Virus A program, usually hidden or disguised as something else that causes some unexpected and usually undesirable event. A computer virus is often designed so that it is automatically spread to other computer users. Viruses can be transmitted as attachments to e-mail messages, within downloaded files, or on a floppy disk or CD. The source of the e-mail message, downloaded file, or disk is often unaware of the virus. Some viruses wreak their havoc as soon as their code is executed; other viruses lie dormant until predefined circumstances (such as a date) cause their code to be executed by the computer. Some viruses are playful in intent and effect and some can be quite harmful, erasing data or causing your hard disk to require reformatting. The best protection against computer viruses is a good antivirus program such as Norton Antivirus.
WAN (Wide Area Network) - Any internet or network that covers an area larger than a LAN.

(Pronounced as though spelled "wares" or by some pronounced like the city of "Juarez") - A term used by software "pirates" to describe software that has been stripped of its copy-protection and made available on the Internet for downloading.

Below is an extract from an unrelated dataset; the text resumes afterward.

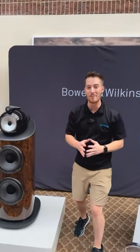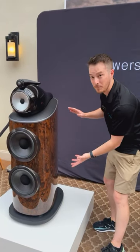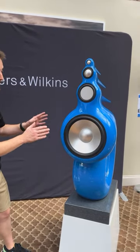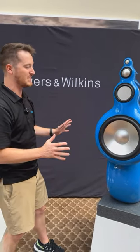I'm standing next to two incredible Bowers & Wilkins speakers. These are the 801 D4 Signature Series in a California burl finish, absolutely stunning. And if you look over here, truly a once in a lifetime experience to see these Bowers & Wilkins Nautilus speakers, especially in the Audio Advice blue — stunning looking speakers.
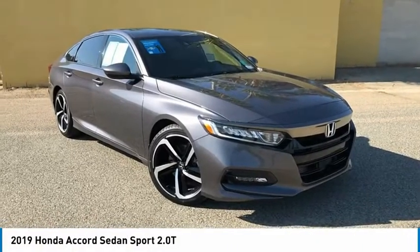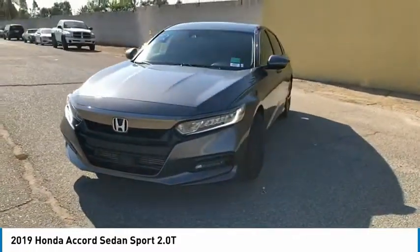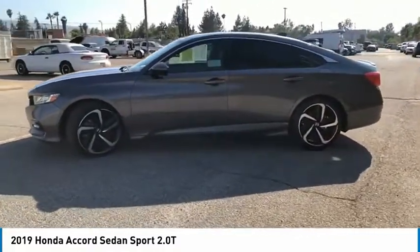Stop by and take a look at the 2019 Accord — ingeniously simple, yet overflowing with luxury and technological creativity. All that and more in the Accord. Here are some of this vehicle's great options.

Web Refers to the World Wide Web. The usage of 'web' was a reference to the multiple interconnections of the packet switching network that forms the Internet.
Web Browser Client software that is used to look at a number of different kinds of Internet resources. Examples include Microsoft® Internet Explorer, Netscape, and Opera.
Web Host (1) A web server computer that stores and serves the HTML pages, images, files, etc. for one or more web sites. (2) The company that provides that service, which is known as hosting.
Web Page An HTML document with its own web address (URL). The first page usually requested from a web site is called the 'home page'. With frames, multiple pages (HTML files) can be downloaded to a browser and arranged on designated sections of the display screen at the same time - these are also collectively termed a 'web page'.
Web server A computer that stores all of the HTML pages, graphic images, scripts, etc. that make up a web site and respond to clients with the requested data.
Web Site A collection of interlinked web pages, usually under a single domain name, which includes an intended beginning file called a 'home page.' From the home page, the user can get to the other pages on the web site.
Whois A program or script used to query databases of domain names, IP addresses, and their associated contact information that are maintained by the domain name registrars.
Windows® NT Microsoft's original 32-bit operating system. Some web hosting companies use Windows NT (or it's successor Windows 2000) in their servers to offer support for Microsoft base products such as MS Access, MS SQL, and FrontPage. FrontPage extensions are also available on many UNIX and Linux-based servers.
World Wide Web (WW W) - All the resources and users on the Internet that use HTTP.
WYSIWYG (What You See Is What You Get) - A graphical editor or program that allows the user to create a web page, text file, or image so that he or she can see what the end result will look like while the document is being created. WYSIWYG web page editors such as Adobe PageMill, Macromedia Dreamweaver, and Microsoft FrontPage are used to create HTML pages but conceal the actual markup language (HTML) and allow the creator to think almost entirely in terms of how the page should appear.